CEPH cluster setup
Updated cfengine trunk to accommodate SL7 systems.
Created cfengine policy in branch "ceph" following basic manual provisioning steps. Effects CEPH, CEPH_OSD, CEPH_MDS, CEPH_MON, and/or CEPH_OG as appropriate. These acronyms will make sense to you after you read the ceph docs.
- configures repos (not mirrored)
- installs packages
- copies /etc/ceph/ceph.conf from stash/ceph
- creates /var/lib/ceph/mon/$(name)-$(mon). $(name) is cluster name 'ceph', $(mon) is system hostname. Started with just "cephmon01".
- populates /var/lib/ceph/bootstrap-mds and bootstrap-osd on all CEPH class hosts with ceph.keyring. This was obtained from corresponding location on cephmon01 after following monitor bootstrap process from manual install docs and copied into stash/ceph/bootstrap-mds and bootstrap-osd.
- Installs /root/tools/ceph-disk-prepare on hosts in class CEPH_OSD. This simple script run locally on each OSD runs ceph-disk prepare (and activate) on a range of disks.
Systems built using cobbler profile server-large-sl7. Configured with active-standby bonds using 10G interface as primary.
Network interfaces in RHEL7 get named with predictable names.
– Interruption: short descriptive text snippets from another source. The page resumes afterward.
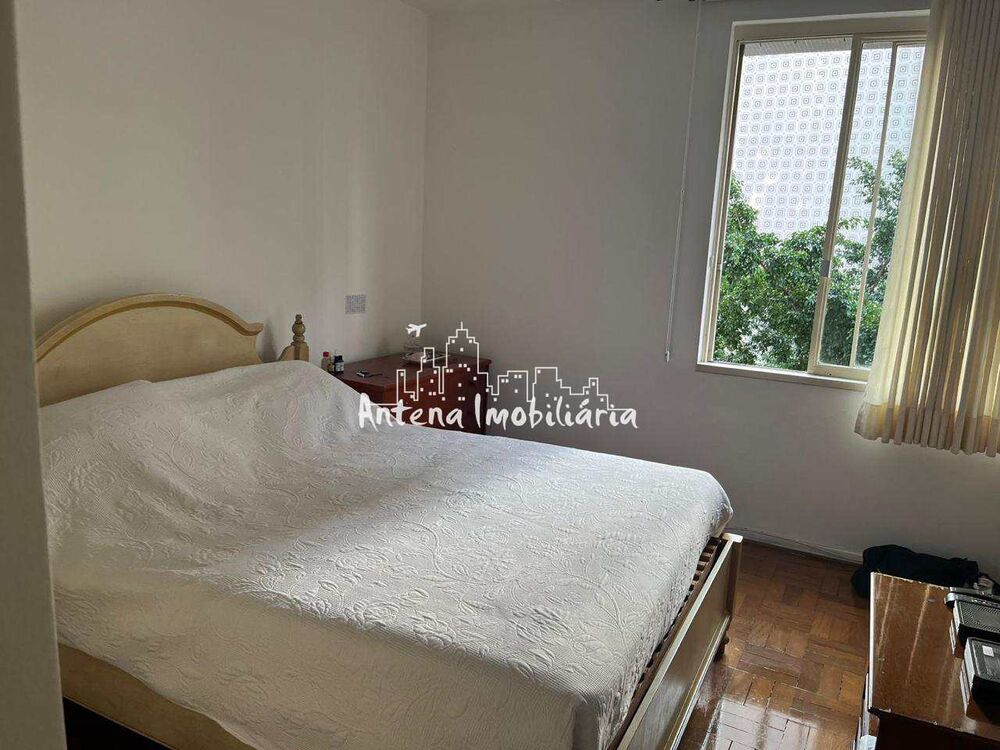 Apartamento, 2 quartos, 98 m² - Foto 5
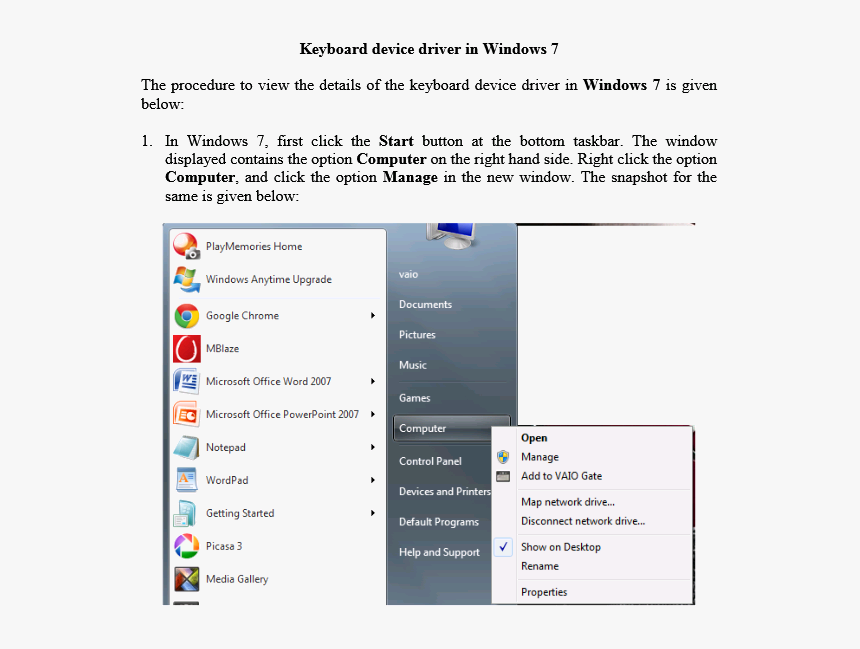 Screenshot, HD Png Download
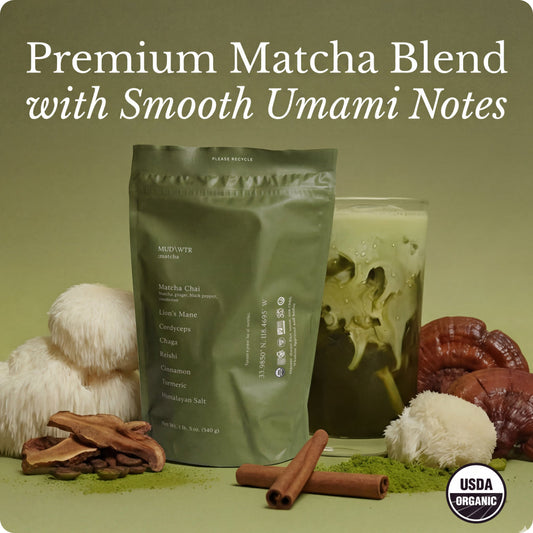 matcha-90-serving-s9 Matcha_1.jpg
We're already familiar with the scheme for Dell systems on EL6 (em1, p1p1, etc). For older systems it now falls back to a PCI-bus id scheme. Non-dell systems that have new enough SMBios may get a different scheme. Full information on the naming logic is here: https://access.redhat.com/documentation/en-US/Red_Hat_Enterprise_Linux/7/html/Networking_Guide/ch-Consistent_Network_Device_Naming.html
For umtestXX they end up with PCI-bus naming scheme. Here is an example from umtest04 of mapping PCI location to network device name.
|lspci output||device name
05:00.0 Ethernet controller: Intel Corporation 82599ES 10-Gigabit SFI/SFP+ Network Connection (rev 01)
05:00.1 Ethernet controller: Intel Corporation 82599ES 10-Gigabit SFI/SFP+ Network Connection (rev 01)
1b:09.0 Ethernet controller: Broadcom Corporation NetXtreme BCM5704 Gigabit Ethernet (rev 03)
1b:09.1 Ethernet controller: Broadcom Corporation NetXtreme BCM5704 Gigabit Ethernet (rev 03)
systemd/udevd will also name devices according to the DEVICE= line in ifcfg-XXXX if the MACADDR line matches. So, it is quite possible to cause devices to be named exactly as before or even with any arbitrary string.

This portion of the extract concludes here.